OSLO, Norway, Dec. 2 (UPI) -- An international treaty including about 100 nations banning the use of cluster munitions is set to be signed Wednesday in Norway.
Human Rights Watched called the treaty "the most significant arms control and humanitarian treaty in a decade." The document was supported by most member-nations of NATO, but opposed by Russia and the United States, among other nations.
"The cluster bomb treaty will save countless lives by stigmatizing a weapon that kills civilians even after the fighting ends," said Steve Goose, director of the Arms division at Human Rights Watch. "President-elect Barack Obama should make joining the cluster ban treaty a top priority."
The two-day Convention on Cluster Munitions opens for signature Wednesday, which is the anniversary of the 1997 signing of the treaty banning antipersonnel land mines.
The so-called "core group" that produced the treaty will be among the first signatories.
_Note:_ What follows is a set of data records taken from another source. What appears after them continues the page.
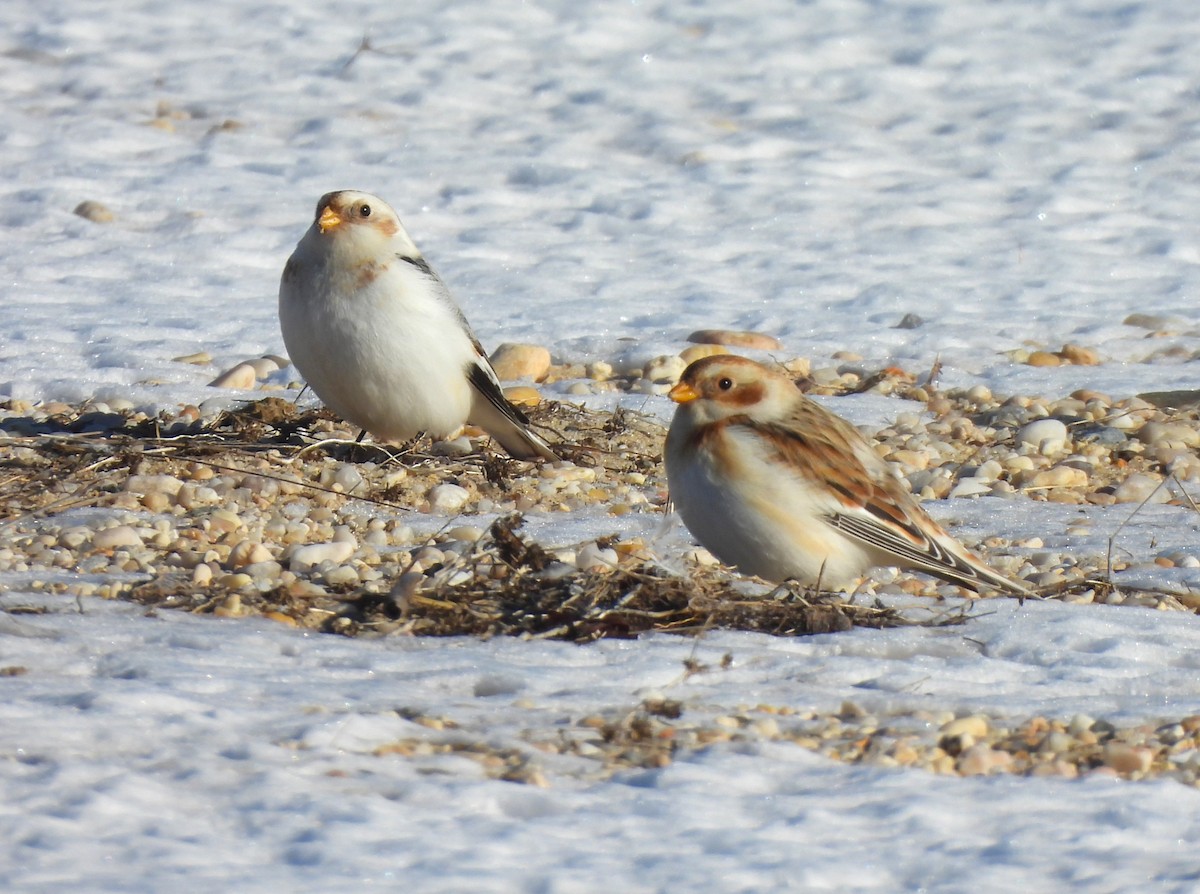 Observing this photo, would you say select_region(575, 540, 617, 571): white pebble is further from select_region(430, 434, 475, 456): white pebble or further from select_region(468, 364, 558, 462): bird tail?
select_region(430, 434, 475, 456): white pebble

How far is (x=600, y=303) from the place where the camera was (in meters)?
8.66

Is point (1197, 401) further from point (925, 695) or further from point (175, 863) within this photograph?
point (175, 863)

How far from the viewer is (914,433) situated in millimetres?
6762

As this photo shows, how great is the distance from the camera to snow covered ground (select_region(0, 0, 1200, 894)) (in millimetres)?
3000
They include Norway, Austria, the Vatican, Ireland, Mexico, New Zealand, Peru and Zambia.
"We'd love to see Washington, Moscow, and the others sign the treaty, but we think the ban will so stigmatize cluster bombs that even those who don't join now will be deterred from using the weapon," Goose said. "But a U.S. decision to sign would certainly signal President Obama's commitment to multilateral action after the go-it-alone Bush era."